Geobacter in green, nanowires in gray, and ingrained hemes are displayed in yellow with electrons in blue. Credit: Sibel Ebru Yalcin, Nikhil Malvankar, and Ella Maru Studio
A global research team is investigating nanowires in consuming and methane-producing microorganisms to understand how these filaments allow electron exchange, which figures out methane production or usage. The groups diverse know-how will help decipher the complex pilus machinery associated with nanowire production.
The increasing temperatures threatening life on our planet are caused in part by microorganisms that produce 50% of climatic methane, a gas 30 times more powerful than CO2 at trapping heat. Remarkably, another type of microbe combats these rising temperature levels by consuming up to 80% of methane released from ocean sediments. How are some microbes methane manufacturers and others methane customers?

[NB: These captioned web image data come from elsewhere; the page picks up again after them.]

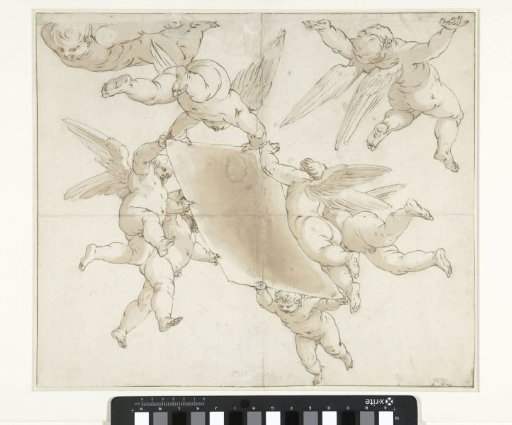 Flying putti with drapery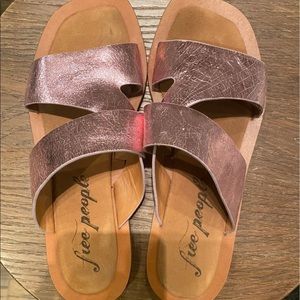 Free People Sandals, Metallic Pink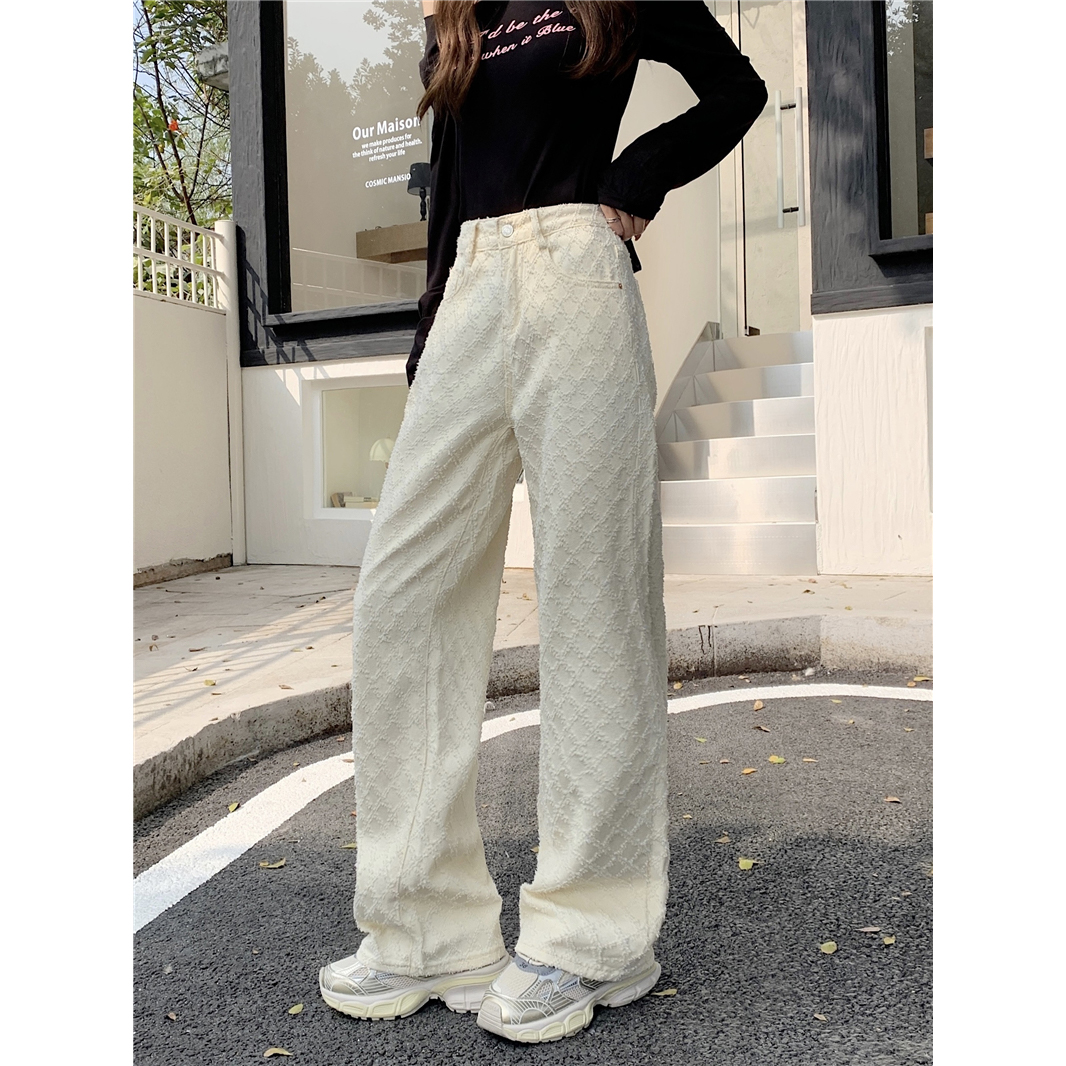 Actual shot~New high-waisted loose straight jacquard denim wide-leg pants for women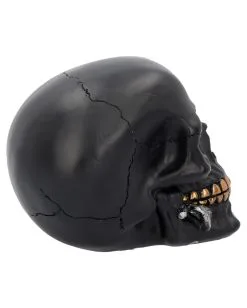 Schwarzer Totenschädel Mit Goldener Rose 15cm -Karneval Universe Verkäufe schwarzer totenkopf mit goldener rose black skull with golden rose gothic deko gothic totenkopf 54621 06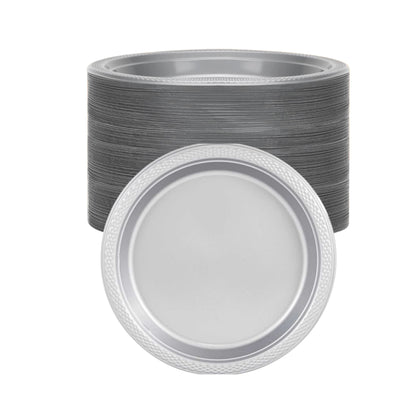 *BUY BULK* Hanna K. Signature Plastic Plates Silver 7"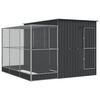 vidaXL Voliere mit Erweiterung Silber 290 x 303 x 216 cm Stahl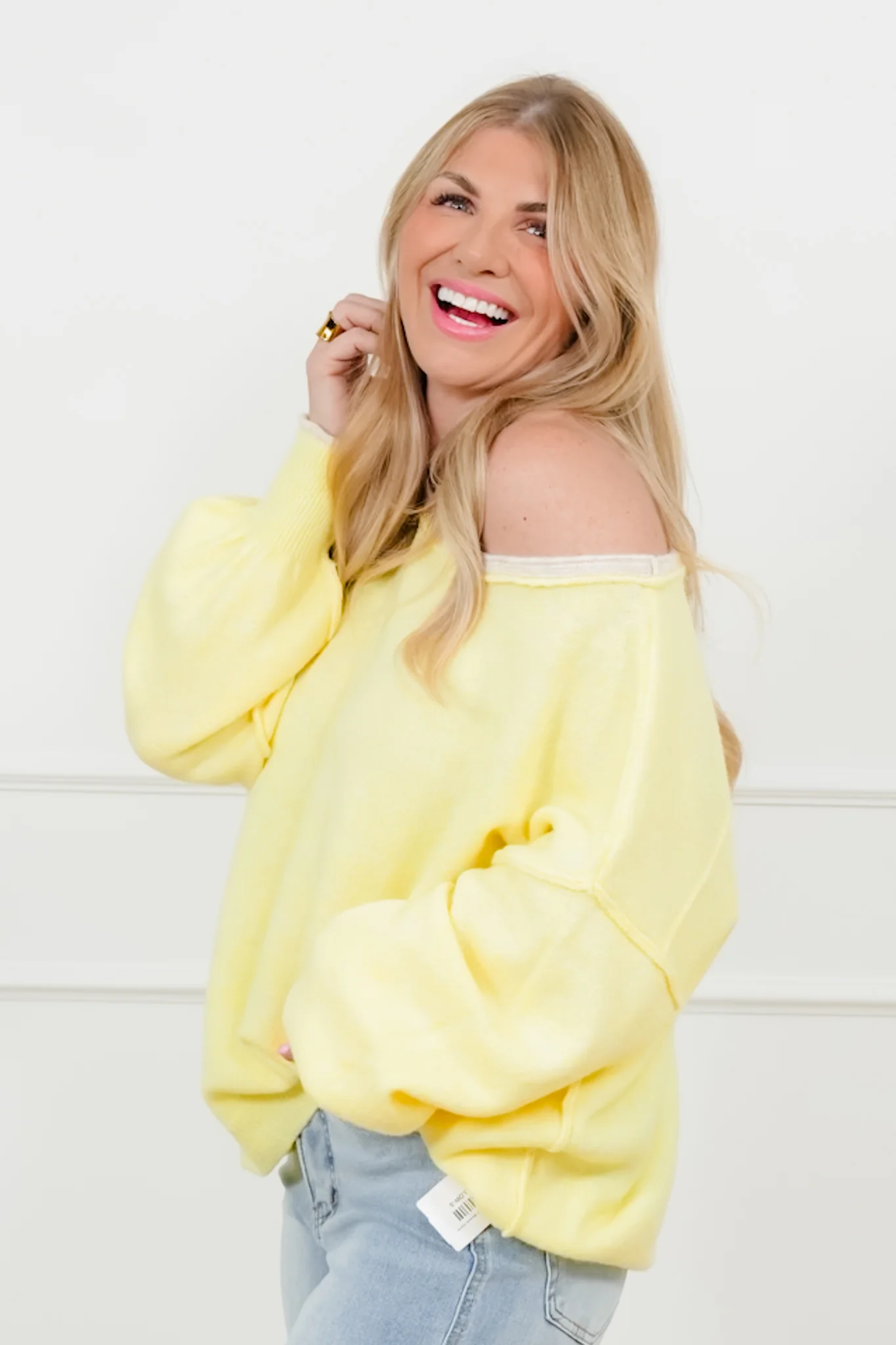 Long Sleeve Pullover Sweater with Reverse Seams - Image 2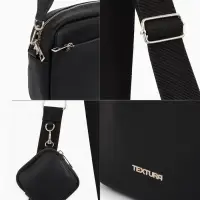 Сумка женская кросс-боди TEXTURA на молнии, 16&times;7&times;17 см, чёрная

To fix this puzzle, a worldwide team of researchers, Nikhil Malvankar (Yale University, USA), Carlos Salgueiro (NOVA University of Lisbon, Portugal), Lisa Craig (Simon Fraser University, Canada), and Olivera Francetic (Institut Pasteur, France), have received among the 25 Human Frontier Science Program Awards for cutting edge, high-risk high-reward jobs.
The group will study the wire-like filaments made by electricity-producing Geobacter, which look like methane-eating microbes. These “nanowires” permit microbes to exchange electrons with their partners, with the instructions of existing figuring out whether methane is produced or consumed.
Nanowires were initially reported over twenty years back and till extremely recently were believed to be type IV pili. Malvankar lab recently revealed that the conductive filaments of Geobacter are in reality polymers of cytochrome proteins, which consist of metal-coordinating hemes that line up to develop a continuous path along which electrons travel. The role of the Geobacter pili might really be to assemble and secrete these cytochrome nanowires.
The groups cumulative knowledge in nanowires (Malvankar), heme proteins (Salgueiro), type IV pili (Craig) and bacterial secretion (Francetic) will help unwind how the complex pilus machinery assists microorganisms produce nanowires.